Provide only the number of lines below that hold "photo".

BEGIN DATA FOR PROCESSING

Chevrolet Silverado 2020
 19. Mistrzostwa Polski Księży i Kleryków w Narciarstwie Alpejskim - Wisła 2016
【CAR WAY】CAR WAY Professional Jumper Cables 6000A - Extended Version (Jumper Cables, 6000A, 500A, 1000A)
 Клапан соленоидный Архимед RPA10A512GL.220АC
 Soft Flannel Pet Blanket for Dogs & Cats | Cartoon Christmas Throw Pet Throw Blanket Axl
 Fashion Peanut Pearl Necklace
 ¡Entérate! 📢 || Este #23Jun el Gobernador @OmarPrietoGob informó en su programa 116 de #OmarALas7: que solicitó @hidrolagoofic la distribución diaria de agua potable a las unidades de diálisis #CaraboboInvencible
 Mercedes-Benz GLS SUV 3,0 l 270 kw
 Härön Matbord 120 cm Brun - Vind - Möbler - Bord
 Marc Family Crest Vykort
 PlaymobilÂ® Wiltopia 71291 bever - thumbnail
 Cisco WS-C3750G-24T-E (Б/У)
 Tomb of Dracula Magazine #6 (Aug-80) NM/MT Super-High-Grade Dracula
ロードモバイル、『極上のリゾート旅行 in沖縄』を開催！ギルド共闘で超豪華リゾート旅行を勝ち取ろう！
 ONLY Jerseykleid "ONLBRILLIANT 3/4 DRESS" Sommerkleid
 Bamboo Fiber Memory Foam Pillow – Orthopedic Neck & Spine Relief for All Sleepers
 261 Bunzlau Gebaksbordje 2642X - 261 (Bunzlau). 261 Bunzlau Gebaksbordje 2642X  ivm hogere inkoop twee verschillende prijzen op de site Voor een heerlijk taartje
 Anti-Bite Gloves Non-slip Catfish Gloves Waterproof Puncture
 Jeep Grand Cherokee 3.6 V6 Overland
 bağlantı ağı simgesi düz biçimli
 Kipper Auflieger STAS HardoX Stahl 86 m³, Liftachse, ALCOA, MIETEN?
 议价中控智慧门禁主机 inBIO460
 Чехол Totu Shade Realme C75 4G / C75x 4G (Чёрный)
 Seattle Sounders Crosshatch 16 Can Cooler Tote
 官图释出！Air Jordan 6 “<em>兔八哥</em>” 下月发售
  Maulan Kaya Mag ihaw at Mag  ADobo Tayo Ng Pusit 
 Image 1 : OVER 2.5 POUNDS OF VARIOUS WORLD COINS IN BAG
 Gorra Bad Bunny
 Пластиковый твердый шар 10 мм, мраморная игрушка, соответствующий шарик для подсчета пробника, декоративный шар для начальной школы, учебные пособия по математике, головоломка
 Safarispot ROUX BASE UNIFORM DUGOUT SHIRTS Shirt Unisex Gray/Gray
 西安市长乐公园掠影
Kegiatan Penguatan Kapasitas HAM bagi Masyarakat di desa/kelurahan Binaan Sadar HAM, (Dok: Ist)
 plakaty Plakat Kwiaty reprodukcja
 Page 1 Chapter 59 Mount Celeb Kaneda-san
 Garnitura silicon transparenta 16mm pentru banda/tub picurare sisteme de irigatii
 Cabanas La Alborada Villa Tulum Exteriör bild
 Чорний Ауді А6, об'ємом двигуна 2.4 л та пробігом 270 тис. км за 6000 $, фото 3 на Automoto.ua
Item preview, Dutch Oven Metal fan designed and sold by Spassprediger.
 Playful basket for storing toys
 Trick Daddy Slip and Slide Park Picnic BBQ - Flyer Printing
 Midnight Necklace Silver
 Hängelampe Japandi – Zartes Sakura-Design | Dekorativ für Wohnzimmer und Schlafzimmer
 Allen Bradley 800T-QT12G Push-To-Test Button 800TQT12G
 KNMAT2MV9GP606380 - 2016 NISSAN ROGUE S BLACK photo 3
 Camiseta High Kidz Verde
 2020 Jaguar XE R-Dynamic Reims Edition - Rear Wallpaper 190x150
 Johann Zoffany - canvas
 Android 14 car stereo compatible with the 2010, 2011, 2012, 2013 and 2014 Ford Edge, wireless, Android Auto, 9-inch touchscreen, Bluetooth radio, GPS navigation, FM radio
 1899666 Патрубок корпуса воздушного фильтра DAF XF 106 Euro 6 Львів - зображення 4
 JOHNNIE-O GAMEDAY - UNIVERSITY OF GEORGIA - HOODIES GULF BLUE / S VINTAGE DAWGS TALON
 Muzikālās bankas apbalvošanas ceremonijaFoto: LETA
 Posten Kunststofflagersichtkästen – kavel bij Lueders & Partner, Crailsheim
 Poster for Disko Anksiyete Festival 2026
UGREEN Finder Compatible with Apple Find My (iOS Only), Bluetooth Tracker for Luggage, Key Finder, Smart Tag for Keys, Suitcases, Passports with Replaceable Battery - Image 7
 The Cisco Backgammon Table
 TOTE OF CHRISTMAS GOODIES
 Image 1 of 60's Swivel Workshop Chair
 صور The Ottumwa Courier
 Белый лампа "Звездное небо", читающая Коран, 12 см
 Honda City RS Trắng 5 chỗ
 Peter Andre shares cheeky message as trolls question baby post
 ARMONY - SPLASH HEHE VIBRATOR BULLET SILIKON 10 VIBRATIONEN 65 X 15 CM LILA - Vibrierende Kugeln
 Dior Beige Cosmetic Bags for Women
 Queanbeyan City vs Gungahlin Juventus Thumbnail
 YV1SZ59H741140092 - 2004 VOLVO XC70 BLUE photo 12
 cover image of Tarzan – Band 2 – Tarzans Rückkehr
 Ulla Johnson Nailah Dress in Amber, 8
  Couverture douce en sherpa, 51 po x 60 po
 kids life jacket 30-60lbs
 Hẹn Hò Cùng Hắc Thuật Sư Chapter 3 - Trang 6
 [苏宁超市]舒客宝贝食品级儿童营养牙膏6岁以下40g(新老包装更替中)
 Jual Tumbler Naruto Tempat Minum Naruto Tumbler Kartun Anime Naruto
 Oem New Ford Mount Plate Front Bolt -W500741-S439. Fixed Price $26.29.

END DATA FOR PROCESSING

SOLUTION TO THIS PROBLEM:
2